2. the torsion subgroup $T(G)$ of $G$ is trivial.
3. $A$ is free.

Fact1: If $\{ x_1 \ldots x_n \}$ is a free system of generators for a f.g. abelian group $A$, then $rk(A)=n$ and if $A_1=\langle x_1 \ldots x_d\rangle$, with $d \le n$, then $\{ x_1 \ldots x_d \}$ is free set of generators of $A_1$ which have rank $d$. It is easy to prove that $\{ x_{d+1}+A_1 \ldots x_n+A_1 \}$ is free set of generators of $A/A_1$, so in this case we observe that hold $rk(A)=rk(A_1)+rk(A_2)$ with $A_2=A/A_1$.
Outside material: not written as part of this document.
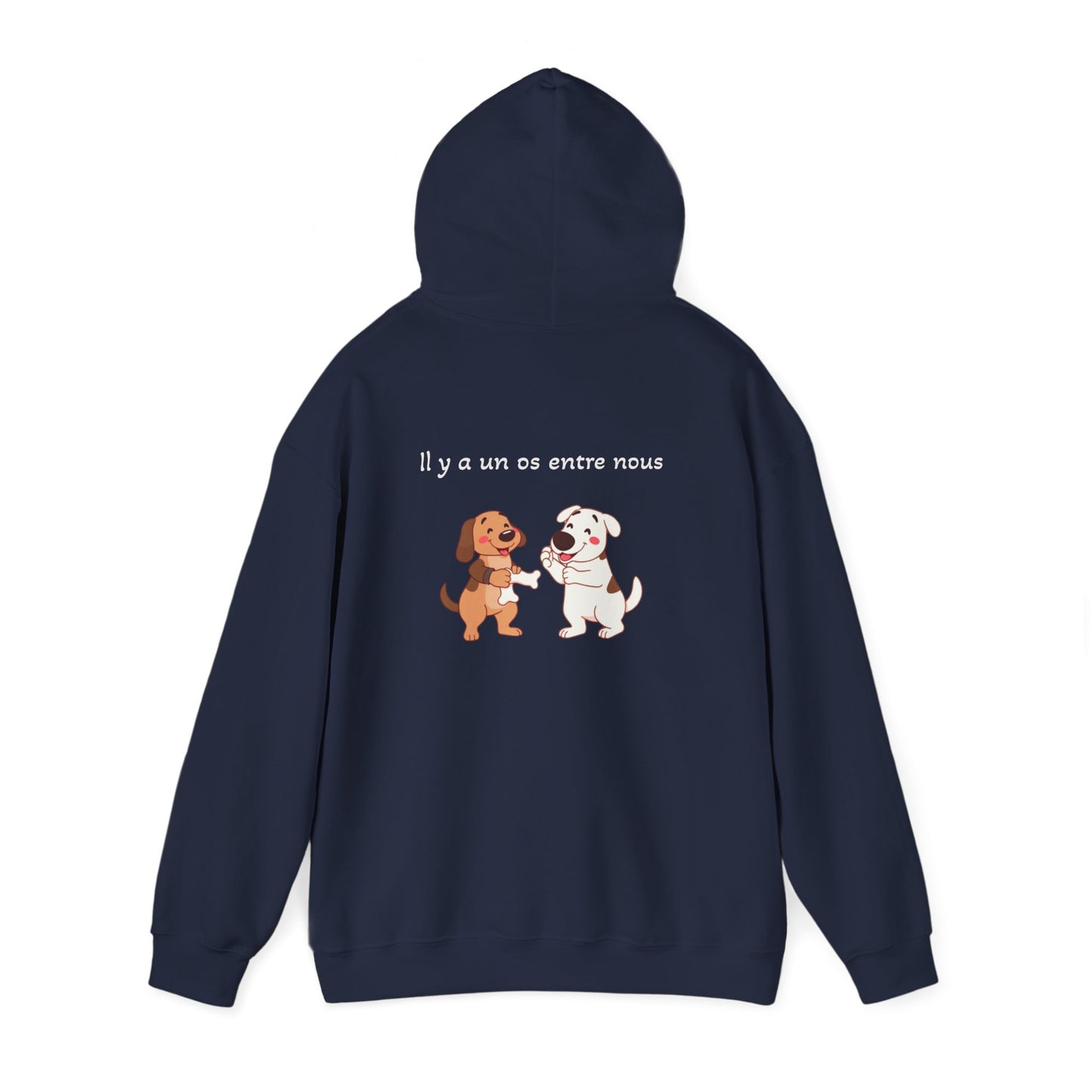 Il y a un os entre nous Hoodie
Now my problem is generalize to a generic f.g. abelian group $A$ and to $A_1$ generic subgroup of $A$, showing that $rk(A)=rk(A_1)+rk(A_2)$ holds, with $A_2=A/A_1$ as before.

First I observed that we can suppose that $A$ is free, replacing $A$ with $A/T$ (T is the torsion of $A$) and $A_1$ with $(A_1+T)/T$. Indeed $rk((A_1+T)/T)=rk(A_1)$, $rk(A/T)=rk(A)$ and because $(A_1+T)/T \le T(A/A_1)$ for our first observation, named $B=(A_1+T)/T$ and $C=(A_1+T)/A_1$, we have that $rk((A/T)/B)=rk(A_2/C)=rk(A_2)$. Now suppose that $A$ is free abelian f.g, then is direct sum of $n=rk(A)$ copies of $\mathbb{Z}$. Taken $A_1 \le A$, is well known (see theorem 10.17 of Introduction of Theory of Groups, Rotman) that, since $A$ is abelian f.g., $A_1$ is free f.g.

Now if we can prove that:

Fact2: exists for $A$ a free system of generators $\{x_1 \ldots x_n\}$ such that $A_1=\langle m_1 x_1 \rangle \times \ldots \times \langle m_k x_k \rangle$ with $k \le n$ (the $\times$ mean, of course, the internal DIRECT product), for suitable choose of $m_i \in \mathbb{N} \setminus \{0\}$

then taken $I=\langle x_1 \rangle \times \ldots \times \langle x_k \rangle$ we have that obviously $rk(A_1)=rk(B)=k$ and because $B/A_1 \le T(A/A_1)$ for our first observations and then we have that $rk(A/A_1)=rk(A/B)=n-k$ and we conclude for fact2.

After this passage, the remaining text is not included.